▸ **TASK GOAL**
Retype, without any change, the first line of the records and every line after it through the one containing "Especialistas defendem reforma".

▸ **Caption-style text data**
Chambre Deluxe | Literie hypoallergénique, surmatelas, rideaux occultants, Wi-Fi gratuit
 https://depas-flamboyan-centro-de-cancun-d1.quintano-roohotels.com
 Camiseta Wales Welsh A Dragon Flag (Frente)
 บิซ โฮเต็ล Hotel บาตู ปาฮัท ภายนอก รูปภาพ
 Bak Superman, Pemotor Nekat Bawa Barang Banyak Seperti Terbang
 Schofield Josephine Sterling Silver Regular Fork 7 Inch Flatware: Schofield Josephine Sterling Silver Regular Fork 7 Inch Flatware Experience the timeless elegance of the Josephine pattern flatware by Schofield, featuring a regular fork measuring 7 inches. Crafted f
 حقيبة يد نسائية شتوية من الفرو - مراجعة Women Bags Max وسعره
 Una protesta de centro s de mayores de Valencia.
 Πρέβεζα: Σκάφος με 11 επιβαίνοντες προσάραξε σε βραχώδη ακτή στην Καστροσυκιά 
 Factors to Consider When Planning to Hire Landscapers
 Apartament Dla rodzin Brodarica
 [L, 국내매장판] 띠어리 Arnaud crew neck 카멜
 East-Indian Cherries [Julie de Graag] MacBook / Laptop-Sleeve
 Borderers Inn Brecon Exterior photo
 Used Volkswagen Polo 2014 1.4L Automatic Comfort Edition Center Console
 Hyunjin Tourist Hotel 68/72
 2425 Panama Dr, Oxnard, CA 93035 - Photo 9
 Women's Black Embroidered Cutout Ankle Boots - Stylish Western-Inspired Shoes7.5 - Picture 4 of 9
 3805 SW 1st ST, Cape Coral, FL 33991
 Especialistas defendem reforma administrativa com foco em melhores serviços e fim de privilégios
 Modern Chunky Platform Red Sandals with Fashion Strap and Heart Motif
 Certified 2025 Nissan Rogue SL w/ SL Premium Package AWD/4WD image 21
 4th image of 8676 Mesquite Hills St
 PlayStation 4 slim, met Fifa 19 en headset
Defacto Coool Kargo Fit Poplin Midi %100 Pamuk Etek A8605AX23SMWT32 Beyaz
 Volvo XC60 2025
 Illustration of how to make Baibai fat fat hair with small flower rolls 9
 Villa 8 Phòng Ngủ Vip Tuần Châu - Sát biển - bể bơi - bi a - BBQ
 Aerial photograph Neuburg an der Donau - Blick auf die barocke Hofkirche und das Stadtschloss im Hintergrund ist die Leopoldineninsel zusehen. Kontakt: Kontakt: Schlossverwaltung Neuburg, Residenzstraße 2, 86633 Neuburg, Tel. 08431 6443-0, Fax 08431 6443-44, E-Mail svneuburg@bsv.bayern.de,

▸ **ANSWER BOX**
Chambre Deluxe | Literie hypoallergénique, surmatelas, rideaux occultants, Wi-Fi gratuit
 https://depas-flamboyan-centro-de-cancun-d1.quintano-roohotels.com
 Camiseta Wales Welsh A Dragon Flag (Frente)
 บิซ โฮเต็ล Hotel บาตู ปาฮัท ภายนอก รูปภาพ
 Bak Superman, Pemotor Nekat Bawa Barang Banyak Seperti Terbang
 Schofield Josephine Sterling Silver Regular Fork 7 Inch Flatware: Schofield Josephine Sterling Silver Regular Fork 7 Inch Flatware Experience the timeless elegance of the Josephine pattern flatware by Schofield, featuring a regular fork measuring 7 inches. Crafted f
 حقيبة يد نسائية شتوية من الفرو - مراجعة Women Bags Max وسعره
 Una protesta de centro s de mayores de Valencia.
 Πρέβεζα: Σκάφος με 11 επιβαίνοντες προσάραξε σε βραχώδη ακτή στην Καστροσυκιά 
 Factors to Consider When Planning to Hire Landscapers
 Apartament Dla rodzin Brodarica
 [L, 국내매장판] 띠어리 Arnaud crew neck 카멜
 East-Indian Cherries [Julie de Graag] MacBook / Laptop-Sleeve
 Borderers Inn Brecon Exterior photo
 Used Volkswagen Polo 2014 1.4L Automatic Comfort Edition Center Console
 Hyunjin Tourist Hotel 68/72
 2425 Panama Dr, Oxnard, CA 93035 - Photo 9
 Women's Black Embroidered Cutout Ankle Boots - Stylish Western-Inspired Shoes7.5 - Picture 4 of 9
 3805 SW 1st ST, Cape Coral, FL 33991
 Especialistas defendem reforma administrativa com foco em melhores serviços e fim de privilégios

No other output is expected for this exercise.